“We are trying to treat people who do not have any photoreceptors left”

Scientists from GenSight Biologics shared details of two projects to treat inherited eye disease at the annual meeting of the American Academy of Ophthalmology (12–15 October, San Francisco). The company’s chief medical officer, Magali Taiel (pictured), discusses the development of a gene therapy for Leber hereditary optic neuropathy (LHON) and applying optogenetics to retinitis pigmentosa.

Can you tell OT about the development of a treatment for LHON by GenSight?

We have a gene therapy called GS010 which is in the late stages of development. We are going to submit applications to the European Medicines Agency and Food and Drug Administration for registration of the treatment next year.

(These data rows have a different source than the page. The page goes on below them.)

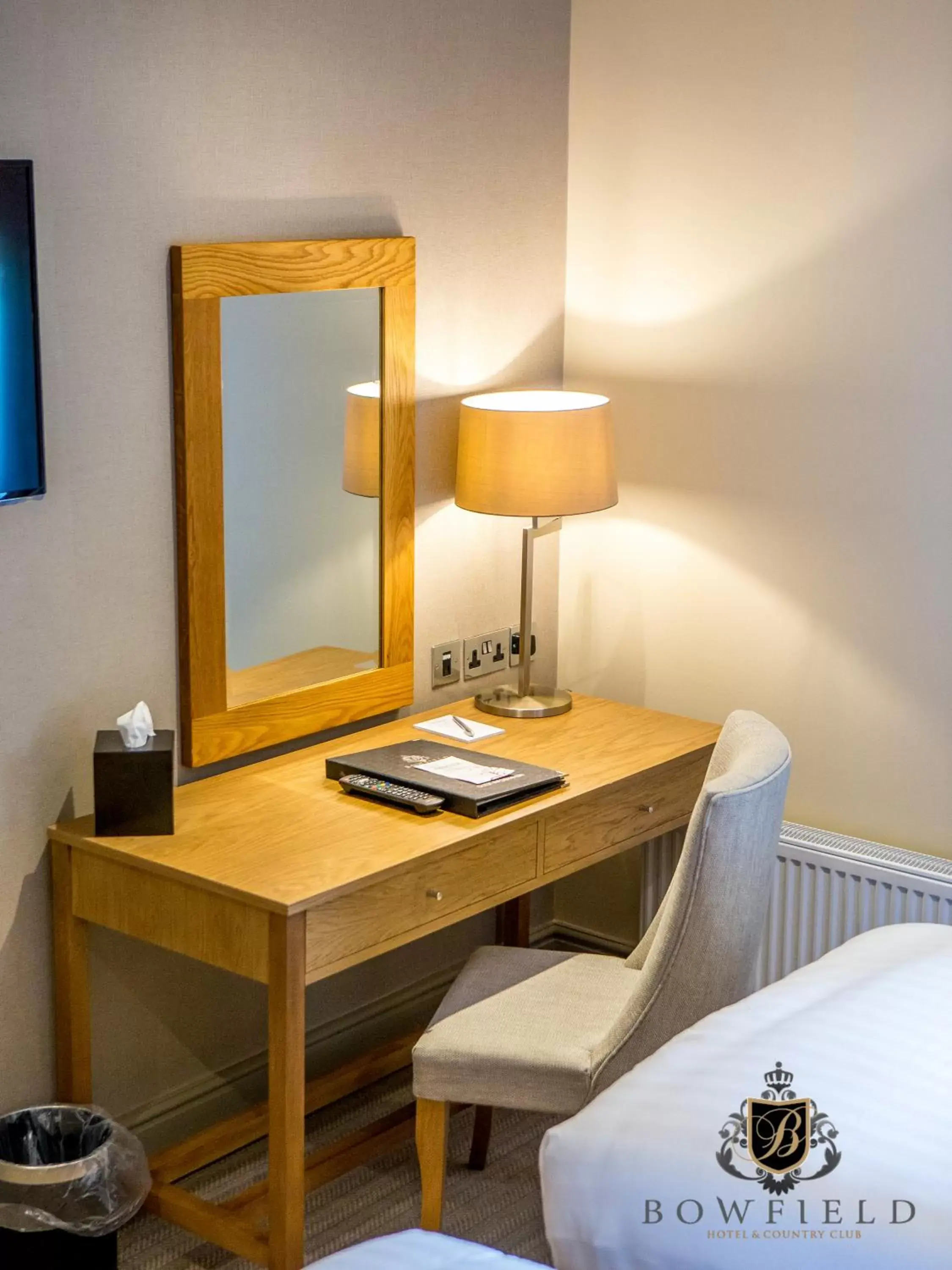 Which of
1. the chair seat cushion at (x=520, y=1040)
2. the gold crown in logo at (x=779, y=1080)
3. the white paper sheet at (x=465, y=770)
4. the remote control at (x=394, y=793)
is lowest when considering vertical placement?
the chair seat cushion at (x=520, y=1040)

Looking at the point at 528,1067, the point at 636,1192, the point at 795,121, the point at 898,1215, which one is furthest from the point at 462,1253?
the point at 795,121

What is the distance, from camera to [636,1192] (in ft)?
5.51

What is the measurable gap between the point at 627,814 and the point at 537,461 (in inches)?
27.2

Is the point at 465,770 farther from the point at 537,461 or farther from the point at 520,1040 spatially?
the point at 537,461

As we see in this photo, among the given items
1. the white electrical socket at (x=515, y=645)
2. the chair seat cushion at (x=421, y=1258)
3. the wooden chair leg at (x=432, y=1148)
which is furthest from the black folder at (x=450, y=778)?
the chair seat cushion at (x=421, y=1258)

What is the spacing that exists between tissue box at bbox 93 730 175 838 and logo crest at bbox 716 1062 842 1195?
1.05 m

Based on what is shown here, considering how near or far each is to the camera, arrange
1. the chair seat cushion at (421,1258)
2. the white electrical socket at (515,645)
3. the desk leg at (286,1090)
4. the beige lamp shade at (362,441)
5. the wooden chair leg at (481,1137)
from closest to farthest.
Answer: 1. the chair seat cushion at (421,1258)
2. the desk leg at (286,1090)
3. the wooden chair leg at (481,1137)
4. the beige lamp shade at (362,441)
5. the white electrical socket at (515,645)

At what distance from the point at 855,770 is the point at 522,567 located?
79 cm

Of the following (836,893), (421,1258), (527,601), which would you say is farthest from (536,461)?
(421,1258)

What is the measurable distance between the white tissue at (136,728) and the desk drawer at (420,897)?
0.42 meters

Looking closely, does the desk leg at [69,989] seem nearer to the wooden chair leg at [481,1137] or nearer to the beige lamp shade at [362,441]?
the wooden chair leg at [481,1137]

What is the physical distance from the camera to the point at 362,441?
2.91 m

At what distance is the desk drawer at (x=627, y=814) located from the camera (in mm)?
2674

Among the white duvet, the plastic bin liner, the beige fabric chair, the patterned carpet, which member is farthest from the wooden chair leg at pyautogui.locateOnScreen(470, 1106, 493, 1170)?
the white duvet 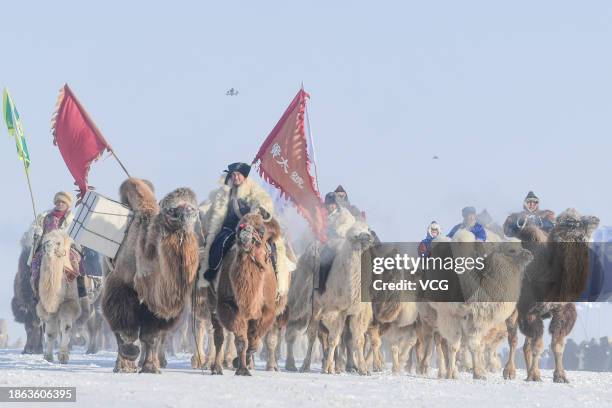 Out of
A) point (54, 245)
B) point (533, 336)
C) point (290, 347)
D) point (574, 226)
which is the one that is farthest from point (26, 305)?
point (574, 226)

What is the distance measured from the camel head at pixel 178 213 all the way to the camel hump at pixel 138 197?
0.45 m

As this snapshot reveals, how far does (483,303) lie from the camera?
19.8 meters

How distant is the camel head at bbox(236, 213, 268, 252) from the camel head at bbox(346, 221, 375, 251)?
382 cm

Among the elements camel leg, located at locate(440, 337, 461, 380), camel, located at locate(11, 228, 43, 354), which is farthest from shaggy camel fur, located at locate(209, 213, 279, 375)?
camel, located at locate(11, 228, 43, 354)

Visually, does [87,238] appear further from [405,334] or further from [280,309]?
[405,334]

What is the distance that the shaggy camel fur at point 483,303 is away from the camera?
1978 cm

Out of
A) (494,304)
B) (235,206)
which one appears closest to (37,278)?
(235,206)

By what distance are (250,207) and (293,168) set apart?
378cm

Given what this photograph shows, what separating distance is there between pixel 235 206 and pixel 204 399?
234 inches

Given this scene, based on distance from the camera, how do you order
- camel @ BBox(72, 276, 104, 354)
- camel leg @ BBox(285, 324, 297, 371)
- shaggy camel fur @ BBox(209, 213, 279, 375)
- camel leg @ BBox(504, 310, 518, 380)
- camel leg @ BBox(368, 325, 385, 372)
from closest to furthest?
shaggy camel fur @ BBox(209, 213, 279, 375)
camel leg @ BBox(504, 310, 518, 380)
camel leg @ BBox(285, 324, 297, 371)
camel leg @ BBox(368, 325, 385, 372)
camel @ BBox(72, 276, 104, 354)

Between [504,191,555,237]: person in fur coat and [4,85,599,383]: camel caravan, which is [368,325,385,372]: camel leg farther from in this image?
[504,191,555,237]: person in fur coat

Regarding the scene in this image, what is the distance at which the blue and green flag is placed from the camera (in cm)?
2444

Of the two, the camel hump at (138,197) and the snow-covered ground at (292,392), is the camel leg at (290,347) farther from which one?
the snow-covered ground at (292,392)

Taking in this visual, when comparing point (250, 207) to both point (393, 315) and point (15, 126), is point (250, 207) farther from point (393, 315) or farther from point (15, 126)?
point (15, 126)
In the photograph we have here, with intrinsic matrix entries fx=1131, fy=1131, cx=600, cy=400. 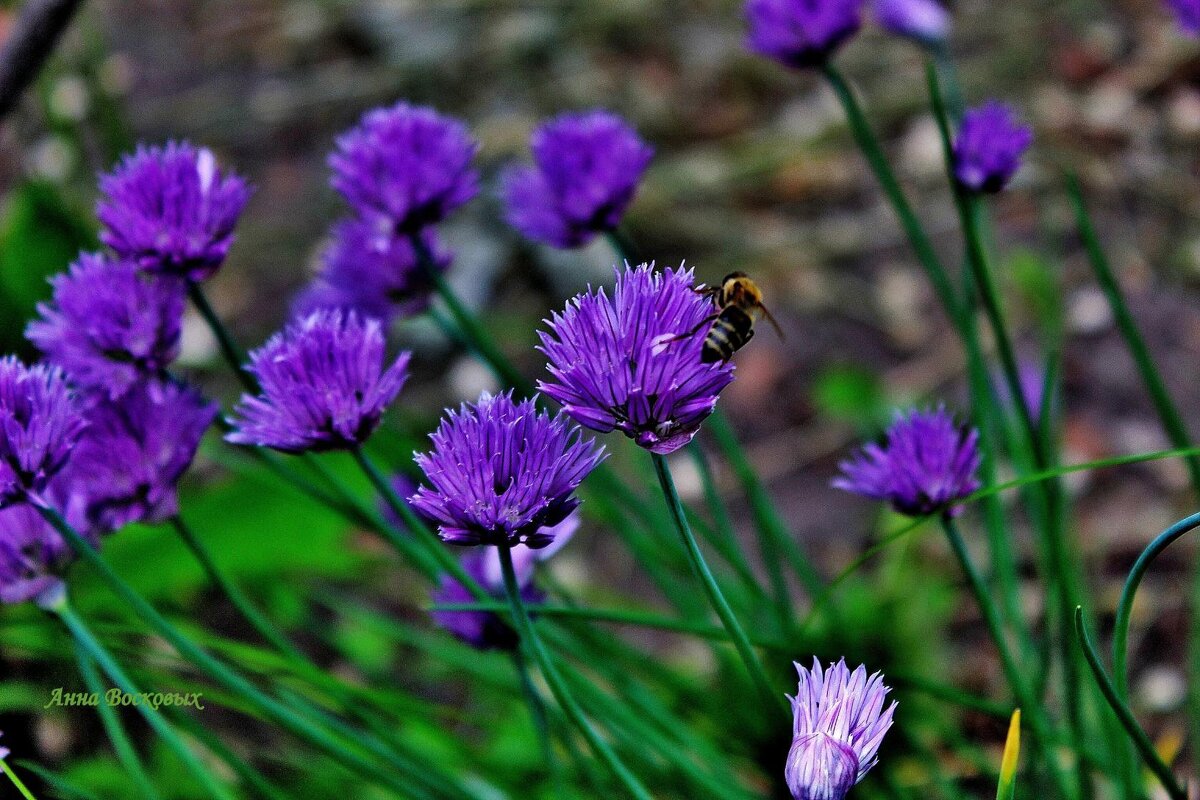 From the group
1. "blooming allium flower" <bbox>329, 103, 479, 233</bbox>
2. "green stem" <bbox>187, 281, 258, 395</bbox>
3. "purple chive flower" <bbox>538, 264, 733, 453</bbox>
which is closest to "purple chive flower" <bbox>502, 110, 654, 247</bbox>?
"blooming allium flower" <bbox>329, 103, 479, 233</bbox>

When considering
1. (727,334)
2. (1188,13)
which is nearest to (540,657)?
(727,334)

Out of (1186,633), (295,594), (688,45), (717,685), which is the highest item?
(688,45)

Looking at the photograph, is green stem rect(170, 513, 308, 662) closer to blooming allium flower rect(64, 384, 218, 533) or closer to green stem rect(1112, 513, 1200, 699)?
blooming allium flower rect(64, 384, 218, 533)

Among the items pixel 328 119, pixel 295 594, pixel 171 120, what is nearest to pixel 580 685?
pixel 295 594

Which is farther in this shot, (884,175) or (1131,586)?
(884,175)

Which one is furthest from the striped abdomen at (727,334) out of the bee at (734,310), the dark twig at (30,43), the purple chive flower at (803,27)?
the dark twig at (30,43)

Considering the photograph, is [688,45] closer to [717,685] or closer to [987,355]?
[987,355]

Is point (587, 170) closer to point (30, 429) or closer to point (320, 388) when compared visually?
point (320, 388)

GenSight has completed clinical trials showing a bilateral improvement in visual acuity among LHON patients when injected in one eye with the gene therapy. This was unexpected. We did not think we would see an improvement in the sham eyes.

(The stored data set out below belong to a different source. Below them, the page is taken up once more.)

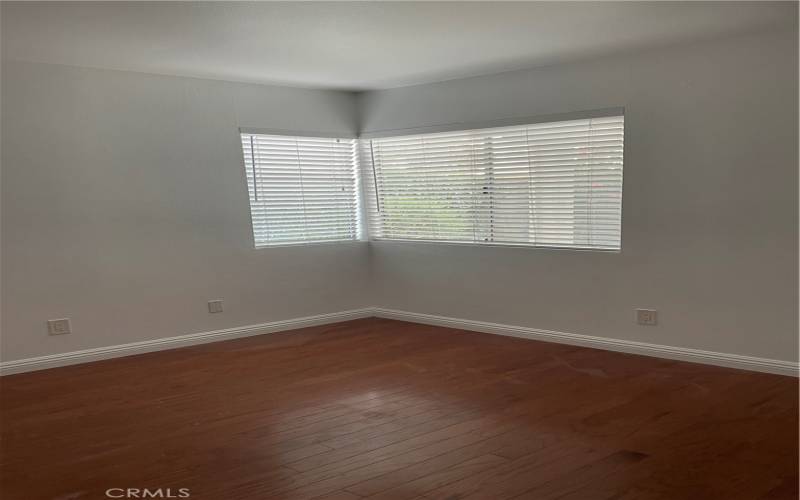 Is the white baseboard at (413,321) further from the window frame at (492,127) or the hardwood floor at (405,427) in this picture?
the window frame at (492,127)

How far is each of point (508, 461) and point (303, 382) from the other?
178 centimetres

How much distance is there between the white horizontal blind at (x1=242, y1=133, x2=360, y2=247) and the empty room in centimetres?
3

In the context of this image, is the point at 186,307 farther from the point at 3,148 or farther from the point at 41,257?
the point at 3,148

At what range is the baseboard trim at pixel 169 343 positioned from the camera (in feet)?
14.5

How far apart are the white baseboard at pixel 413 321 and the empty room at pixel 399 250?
21mm

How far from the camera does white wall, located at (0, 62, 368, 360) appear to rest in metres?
4.32

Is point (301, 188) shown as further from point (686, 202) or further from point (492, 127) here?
point (686, 202)

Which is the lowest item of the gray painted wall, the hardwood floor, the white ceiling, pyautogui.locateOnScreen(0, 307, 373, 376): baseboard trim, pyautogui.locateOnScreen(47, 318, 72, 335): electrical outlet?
the hardwood floor

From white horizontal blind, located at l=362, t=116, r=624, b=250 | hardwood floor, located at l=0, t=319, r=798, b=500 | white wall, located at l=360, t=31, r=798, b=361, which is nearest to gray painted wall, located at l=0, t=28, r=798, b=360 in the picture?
white wall, located at l=360, t=31, r=798, b=361

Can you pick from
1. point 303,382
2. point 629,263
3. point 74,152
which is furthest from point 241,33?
point 629,263

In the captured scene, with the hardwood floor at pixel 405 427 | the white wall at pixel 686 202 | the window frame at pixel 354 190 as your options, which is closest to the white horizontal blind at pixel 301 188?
the window frame at pixel 354 190

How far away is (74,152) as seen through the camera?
14.6 ft

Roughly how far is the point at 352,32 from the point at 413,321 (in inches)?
122

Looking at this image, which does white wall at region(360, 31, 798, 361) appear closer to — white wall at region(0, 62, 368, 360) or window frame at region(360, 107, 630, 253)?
window frame at region(360, 107, 630, 253) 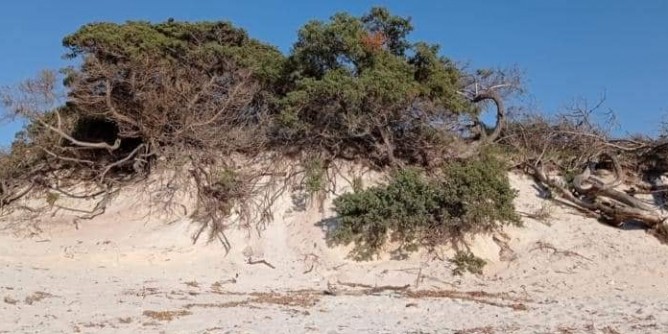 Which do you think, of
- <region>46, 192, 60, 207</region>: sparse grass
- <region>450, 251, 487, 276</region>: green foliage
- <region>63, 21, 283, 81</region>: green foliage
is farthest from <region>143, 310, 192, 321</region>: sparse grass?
<region>46, 192, 60, 207</region>: sparse grass

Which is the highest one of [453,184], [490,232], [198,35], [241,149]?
[198,35]

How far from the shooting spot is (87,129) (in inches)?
661

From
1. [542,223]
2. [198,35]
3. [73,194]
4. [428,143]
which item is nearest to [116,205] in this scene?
[73,194]

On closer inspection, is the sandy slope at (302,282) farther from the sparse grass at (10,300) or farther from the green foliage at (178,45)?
the green foliage at (178,45)

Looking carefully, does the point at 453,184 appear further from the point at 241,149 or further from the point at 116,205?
the point at 116,205

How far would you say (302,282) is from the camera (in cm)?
1217

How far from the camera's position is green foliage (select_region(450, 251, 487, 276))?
40.5 ft

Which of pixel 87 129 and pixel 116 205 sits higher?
pixel 87 129

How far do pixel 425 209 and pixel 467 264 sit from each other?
1.32m

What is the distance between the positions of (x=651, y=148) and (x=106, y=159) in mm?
13421

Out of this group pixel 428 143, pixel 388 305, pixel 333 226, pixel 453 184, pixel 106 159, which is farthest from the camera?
pixel 106 159

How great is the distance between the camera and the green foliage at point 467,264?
12.4 m

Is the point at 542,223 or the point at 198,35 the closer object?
the point at 542,223

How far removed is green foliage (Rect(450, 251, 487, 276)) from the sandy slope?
22 cm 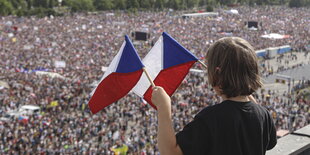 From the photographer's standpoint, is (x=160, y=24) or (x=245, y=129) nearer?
(x=245, y=129)

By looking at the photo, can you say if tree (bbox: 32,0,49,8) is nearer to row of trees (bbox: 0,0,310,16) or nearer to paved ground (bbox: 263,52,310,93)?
row of trees (bbox: 0,0,310,16)

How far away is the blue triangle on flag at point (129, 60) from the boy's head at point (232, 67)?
4.45 feet

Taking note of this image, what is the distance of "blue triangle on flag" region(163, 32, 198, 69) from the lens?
342 centimetres

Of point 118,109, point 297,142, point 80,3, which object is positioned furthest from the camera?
point 80,3

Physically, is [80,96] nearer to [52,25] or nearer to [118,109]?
[118,109]

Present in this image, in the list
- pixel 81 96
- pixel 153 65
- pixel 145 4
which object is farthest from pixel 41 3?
pixel 153 65

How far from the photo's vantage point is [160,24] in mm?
55500

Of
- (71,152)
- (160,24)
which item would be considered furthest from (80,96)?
(160,24)

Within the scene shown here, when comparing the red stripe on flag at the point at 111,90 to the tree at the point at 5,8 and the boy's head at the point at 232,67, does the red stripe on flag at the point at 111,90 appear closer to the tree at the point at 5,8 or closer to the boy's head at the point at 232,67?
the boy's head at the point at 232,67

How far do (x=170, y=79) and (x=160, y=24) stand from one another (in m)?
52.4

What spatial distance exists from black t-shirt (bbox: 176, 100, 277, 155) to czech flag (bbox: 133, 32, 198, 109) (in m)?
1.60

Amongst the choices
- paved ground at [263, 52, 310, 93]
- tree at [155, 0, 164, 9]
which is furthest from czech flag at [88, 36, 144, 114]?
tree at [155, 0, 164, 9]

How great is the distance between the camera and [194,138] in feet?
5.38

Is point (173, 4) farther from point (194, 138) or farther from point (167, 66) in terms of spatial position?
point (194, 138)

As a result, we launched a non-human primate study to try and understand why we were seeing this effect of a gene therapy in one eye benefitting the contralateral eye, which was not injected. We injected monkeys unilaterally with gene therapy before searching for GS010 DNA in their visual systems. We found GS010 in the injected eyes but what is really great news is that we also found GS010 in the contralateral eyes of these monkeys.

If we can help patients who are at a late stage of disease and currently have no options for treatment, that is a great motivation to continue with our work

This is really important news because it means that when you inject one eye with GS010, there is a probable anatomic route for the transfer of GS010 DNA from the injected eye through the optic nerve to the contralateral optic nerve and the non-injected eye.

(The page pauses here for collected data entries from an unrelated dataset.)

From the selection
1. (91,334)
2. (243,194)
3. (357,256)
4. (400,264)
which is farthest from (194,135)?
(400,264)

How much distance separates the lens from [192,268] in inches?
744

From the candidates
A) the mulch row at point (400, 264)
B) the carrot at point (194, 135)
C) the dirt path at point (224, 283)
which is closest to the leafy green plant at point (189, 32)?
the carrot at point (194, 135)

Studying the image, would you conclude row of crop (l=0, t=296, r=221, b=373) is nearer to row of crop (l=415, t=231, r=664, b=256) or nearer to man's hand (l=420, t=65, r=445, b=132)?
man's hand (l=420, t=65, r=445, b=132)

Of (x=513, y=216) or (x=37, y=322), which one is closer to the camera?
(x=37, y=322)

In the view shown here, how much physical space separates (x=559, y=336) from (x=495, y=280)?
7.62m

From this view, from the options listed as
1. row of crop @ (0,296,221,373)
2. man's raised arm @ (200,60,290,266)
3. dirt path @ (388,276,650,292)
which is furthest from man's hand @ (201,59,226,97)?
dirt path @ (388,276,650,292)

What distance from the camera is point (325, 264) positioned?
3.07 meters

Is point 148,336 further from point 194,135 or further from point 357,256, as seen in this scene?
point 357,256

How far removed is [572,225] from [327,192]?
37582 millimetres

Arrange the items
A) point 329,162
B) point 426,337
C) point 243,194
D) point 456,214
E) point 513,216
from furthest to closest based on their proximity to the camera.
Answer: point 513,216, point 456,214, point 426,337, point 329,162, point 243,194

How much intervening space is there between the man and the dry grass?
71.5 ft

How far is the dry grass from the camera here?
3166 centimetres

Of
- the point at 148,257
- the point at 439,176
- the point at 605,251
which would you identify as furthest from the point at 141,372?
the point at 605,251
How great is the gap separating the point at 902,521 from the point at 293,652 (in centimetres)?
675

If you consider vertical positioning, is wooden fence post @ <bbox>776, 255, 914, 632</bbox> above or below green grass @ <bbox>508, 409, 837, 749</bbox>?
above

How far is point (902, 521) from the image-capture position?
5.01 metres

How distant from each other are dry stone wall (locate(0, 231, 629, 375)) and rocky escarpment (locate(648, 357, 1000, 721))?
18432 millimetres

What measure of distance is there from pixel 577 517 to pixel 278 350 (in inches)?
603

What work is GenSight doing to develop a treatment for retinitis pigmentosa?

We are developing a gene therapy, GS030, which is combined with goggles that project a specific type of light back onto the retina. We are at the beginning of that development and have our first in-human study that is ongoing. We have five subjects injected with the gene therapy in the UK, US and France.

So far, the safety of the treatment has been really good. There was mild inflammation in two patients that was resolved with treatment. We do not have efficacy results right now because it is in the very early stages, but we are expecting preliminary results in the middle of next year.

The beauty of this is that we are trying to treat people who do not have any photoreceptors left. We are using a technique where we stimulate the retinal ganglion cells to transform their function into that of photoreceptors by encoding a light-sensitive protein. If we can help patients who are at a late stage of disease and currently have no options for treatment, that is a great motivation to continue with our work.